Problem description: Starting at the line that contains "Aladdin cosplay princess jasmine gets", write out every line through the end of the records below exactly as it appears, and leave out all pictures.

Input material:
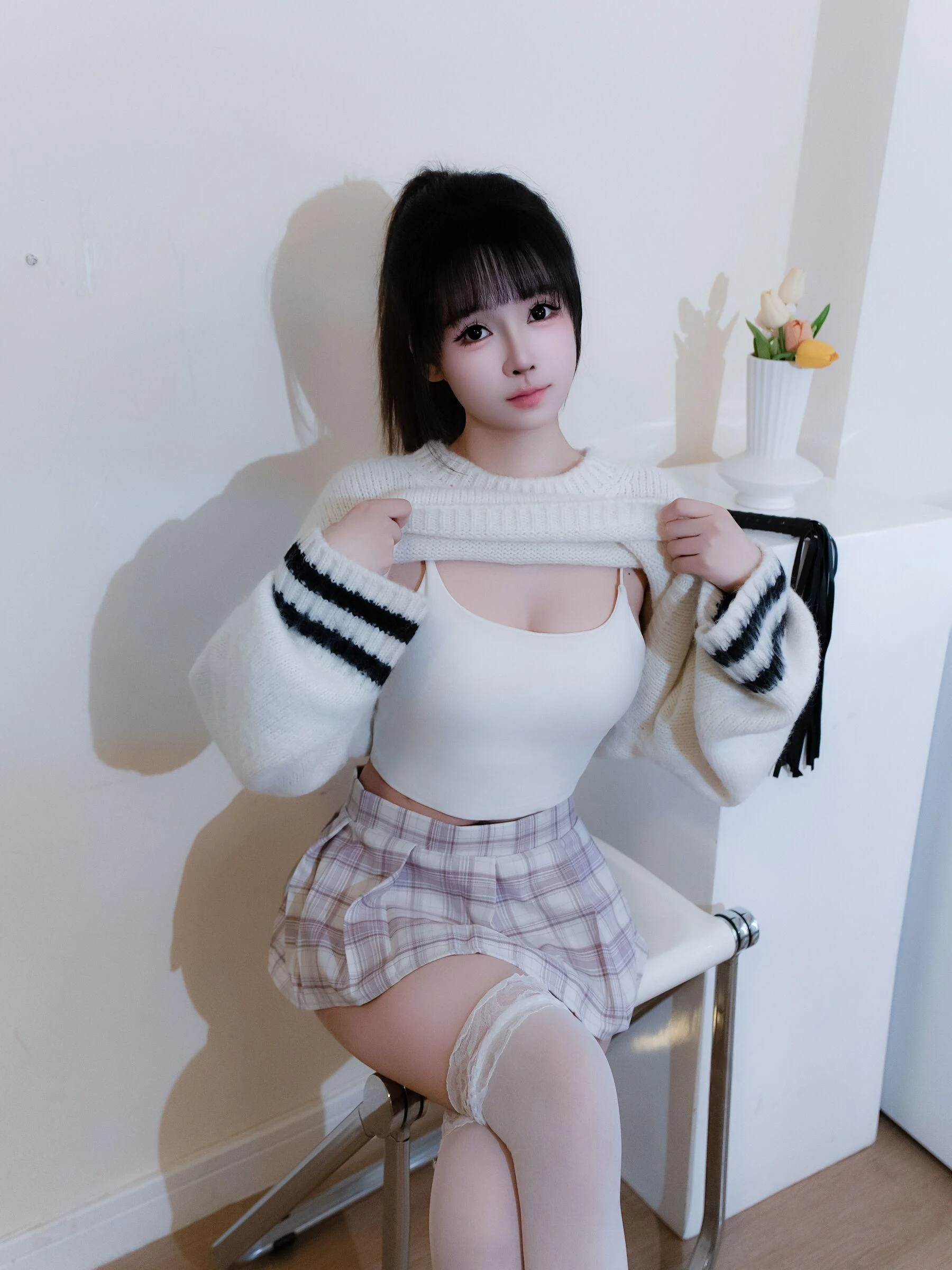 [秀人付费] 沈蜜儿 诱人私拍福利 白毛衣白丝 [73P] 第 26 张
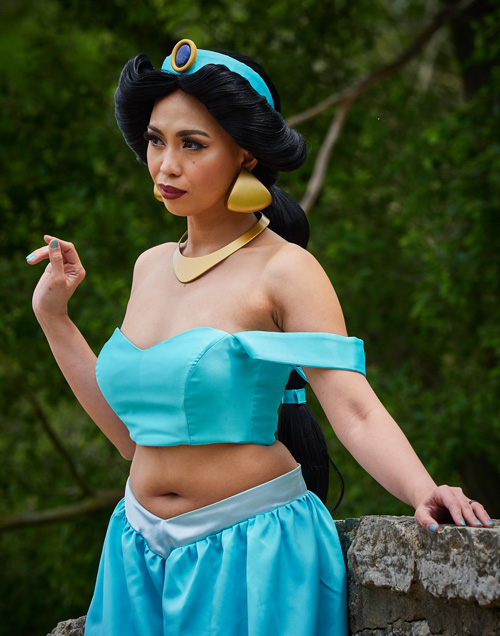 Aladdin cosplay princess jasmine gets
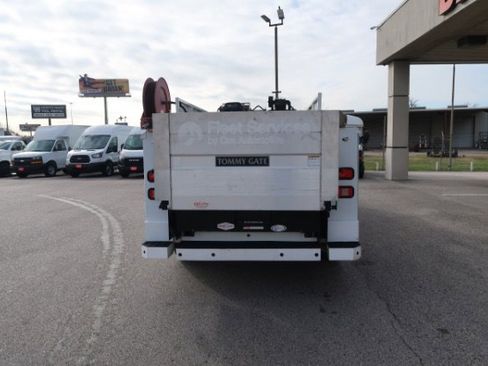 Used 2018 Ford F250 XL w/ Power Equipment Group image 5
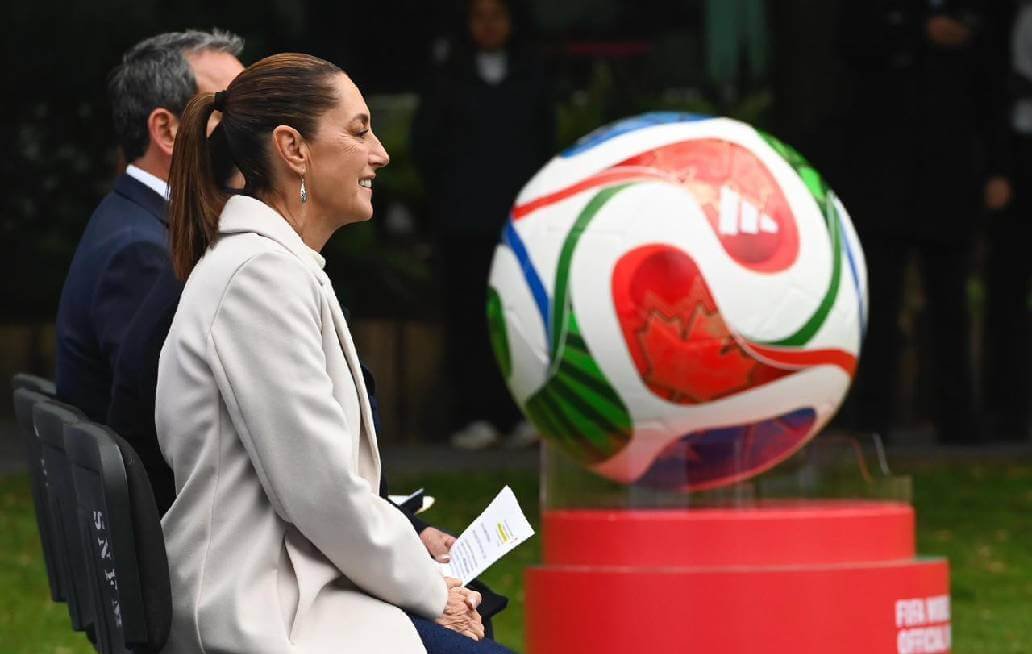 Presenta Sheinbaum Copa Mundial FIFA 2026 en México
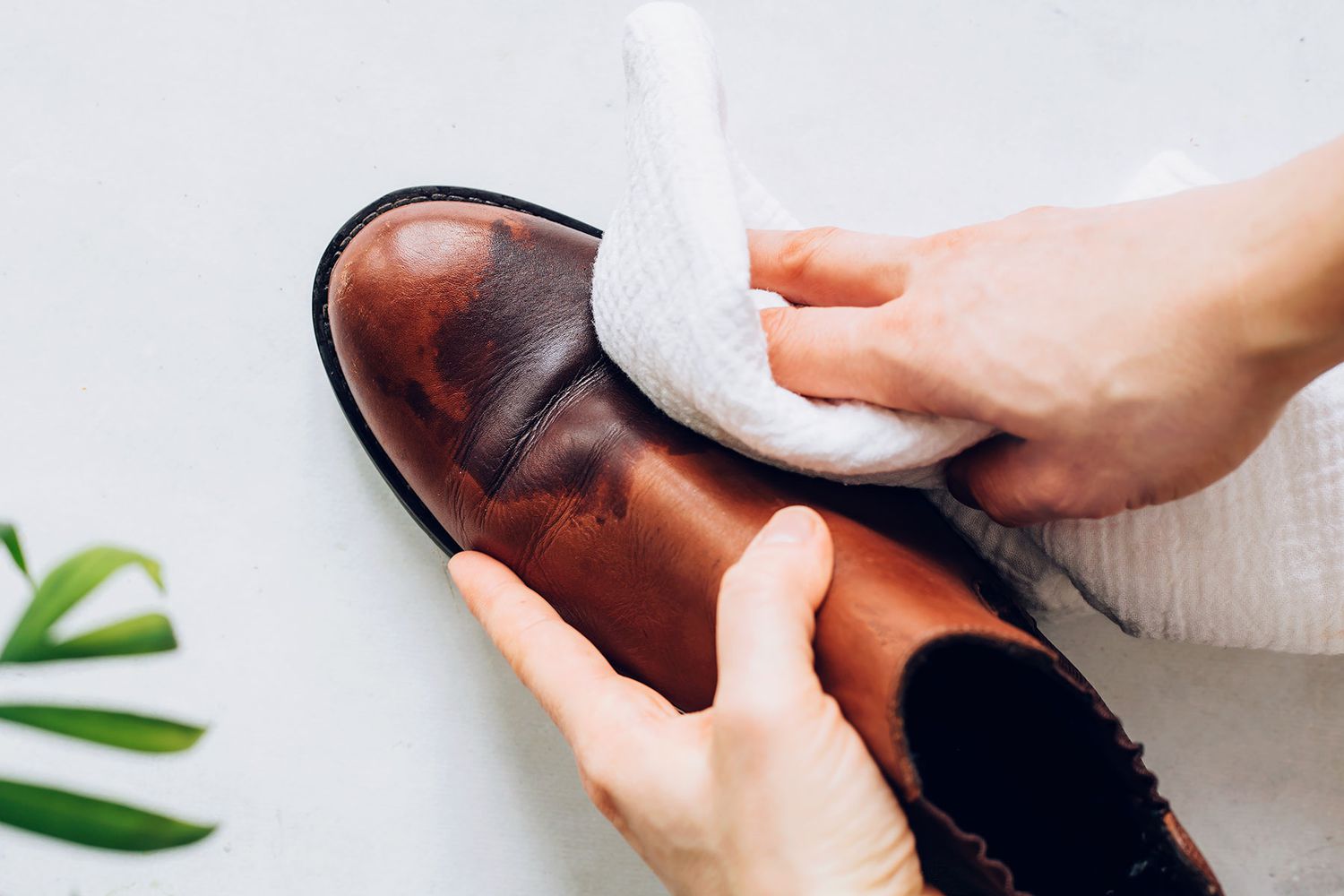 Verwendung eines weichen Tuchs für Schuhe mit Zementflecken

Response below:
 Aladdin cosplay princess jasmine gets
 Used 2018 Ford F250 XL w/ Power Equipment Group image 5
 Presenta Sheinbaum Copa Mundial FIFA 2026 en México
 Verwendung eines weichen Tuchs für Schuhe mit Zementflecken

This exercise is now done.